Before proceed with patent seach we have to download all the dataset. The VerifyClusterPatents/XML_DownloaderParser/exec_download.py file will do the job. Anyway there are some difference in xml files across years, so it is necessary to look if fields we are intrested in do not change across years. This file will also calculate embeddings automatically. Once the dataset has been downloaded, the web app will calculate all the distances between our new patent and all the elements in the dataset and return a ranking.

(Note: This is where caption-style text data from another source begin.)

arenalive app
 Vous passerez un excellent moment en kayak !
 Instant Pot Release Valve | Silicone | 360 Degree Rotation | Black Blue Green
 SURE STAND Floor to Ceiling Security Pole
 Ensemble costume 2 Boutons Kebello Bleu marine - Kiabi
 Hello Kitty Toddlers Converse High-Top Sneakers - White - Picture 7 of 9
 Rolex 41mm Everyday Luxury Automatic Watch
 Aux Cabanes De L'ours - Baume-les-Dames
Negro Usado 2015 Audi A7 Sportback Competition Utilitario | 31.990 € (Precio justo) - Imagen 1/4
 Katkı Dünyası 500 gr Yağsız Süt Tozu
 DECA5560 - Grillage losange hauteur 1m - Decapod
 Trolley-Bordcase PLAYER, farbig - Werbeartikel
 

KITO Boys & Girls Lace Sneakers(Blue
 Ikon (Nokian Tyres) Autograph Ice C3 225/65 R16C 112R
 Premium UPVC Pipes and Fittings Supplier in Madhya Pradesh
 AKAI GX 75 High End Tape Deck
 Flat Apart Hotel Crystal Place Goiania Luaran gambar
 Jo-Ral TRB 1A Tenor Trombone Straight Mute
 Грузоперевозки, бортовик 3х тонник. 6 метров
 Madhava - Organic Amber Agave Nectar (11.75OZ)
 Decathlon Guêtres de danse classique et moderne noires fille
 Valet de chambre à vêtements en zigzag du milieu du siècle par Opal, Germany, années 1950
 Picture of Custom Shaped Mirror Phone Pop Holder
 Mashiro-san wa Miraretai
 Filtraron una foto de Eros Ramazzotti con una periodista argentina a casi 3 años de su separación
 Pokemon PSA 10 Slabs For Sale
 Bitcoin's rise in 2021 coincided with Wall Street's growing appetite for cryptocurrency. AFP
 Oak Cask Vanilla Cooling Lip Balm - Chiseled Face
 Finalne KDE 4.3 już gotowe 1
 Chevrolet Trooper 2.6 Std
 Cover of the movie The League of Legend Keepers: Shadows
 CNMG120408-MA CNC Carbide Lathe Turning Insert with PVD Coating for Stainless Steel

The code for performing clusters verification is largely the same for both patents and articles. The differences are in classification: for patents we used them ipcr classsification, whereas for articles we used subject division and the scope of the journal in which they were published. In both cases we have 3 levels of classification. In both cases we chose only documents with unique classification. In both cases we had to balance the datasets (with a maximum of 1000 items per classification). The plots_cluster_patents_paper.ipynb notebook shows results.
For papers, the 3 levels of classification are: macroarea, subject, topic.
For patents, the 3 levels of classification are: section, class, subclass. In this case we also had to clean our dataset, before balancing it, by eliminate duplicated patents with same inventors and title and duplicated patents with same abstract. We have also done an analysis on how abstract differs when documents have the same title and inventors. It can be found in VerifyClusterPatents/hist_for_abstracts.